Information management is a broad-brush term that spans the entire gap between raw data and "Information at Work," which is the mantra (and subtitle) of BI Review magazine. As much as we've seen the newer notion of "Information management" wielded in marketing spin and product hyperbole, we are getting closer to understanding the ways in which companies are approaching the term and what it means to them. Though we are clearly on the front side of the curve, Ventana Research's newest bit of research, "Information Management: Actions, Intentions, Perceptions and Trends in Information," should help many executives get their feet on the ground when it comes to what businesses are doing in the real world. The study plumbs a deep sample of more than 700 qualified respondents, many or most of them readers of DM Review and BI Review. In a sense, our two magazines represent the bookends of the chasm. Again, it's the leap from information to information management that is being studied. As Ventana notes, information is data in context: data with some meaning to someone. "Information management is the acquisition, management, organization, dissemination and use of information by organizations to create and enhance business value." Today, there are a variety of complementary paths to information management. If the older notion of information management was confined largely to business intelligence and data warehousing, than the newer approach addresses a broader landscape that sees companies funding a variety of projects and feeling capable of success.

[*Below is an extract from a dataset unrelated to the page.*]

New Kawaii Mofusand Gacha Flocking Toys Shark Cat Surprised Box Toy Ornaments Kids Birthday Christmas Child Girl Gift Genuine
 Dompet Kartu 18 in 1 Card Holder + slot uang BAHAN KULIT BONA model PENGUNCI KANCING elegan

"What we explicitly found in the research are clear priorities and initiatives underway in companies diversifying their technology portfolio," says Mark Smith, CEO and EVP of research at Ventana. "There's a large classification of technologies and processes that support information management and go well beyond the status quo of business intelligence/data warehousing." In absolute percentages BI/DW dominates activities, but the net growth of other areas such as data quality, data integration, master data management and information security shows there is a diverse agenda as it applies to information management."